** Supplied information **
• • • •
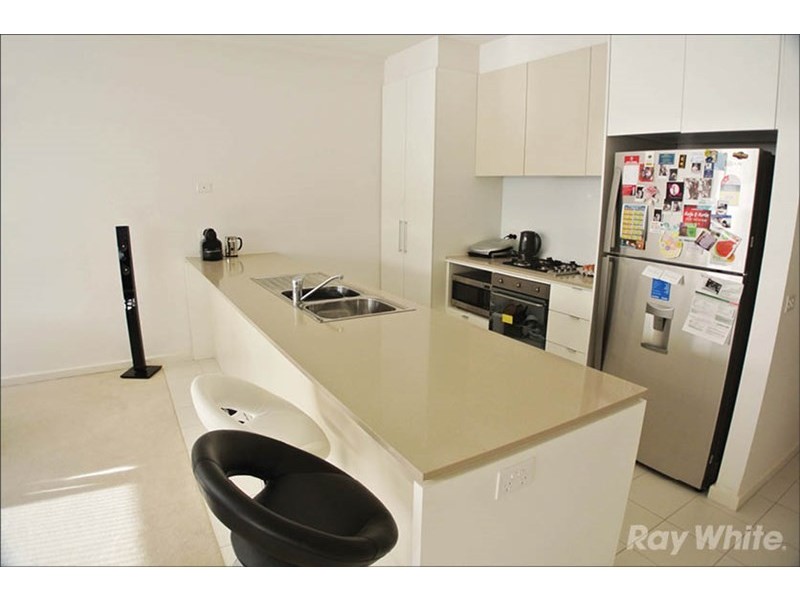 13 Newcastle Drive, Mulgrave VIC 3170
• • • •
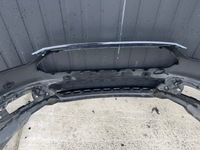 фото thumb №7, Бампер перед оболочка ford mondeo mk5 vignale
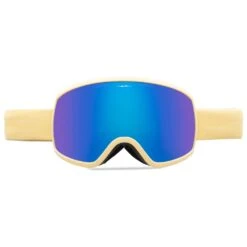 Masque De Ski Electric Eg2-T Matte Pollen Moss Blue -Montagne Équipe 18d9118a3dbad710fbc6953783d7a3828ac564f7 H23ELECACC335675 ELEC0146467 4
• • • •
** Task description **
Beginning with the line holding "фото thumb №7, Бампер" in the material above, restate word for word each line through the line holding "Masque De Ski", and exclude pictures.

** Completed exercise **
 фото thumb №7, Бампер перед оболочка ford mondeo mk5 vignale
 Masque De Ski Electric Eg2-T Matte Pollen Moss Blue -Montagne Équipe 18d9118a3dbad710fbc6953783d7a3828ac564f7 H23ELECACC335675 ELEC0146467 4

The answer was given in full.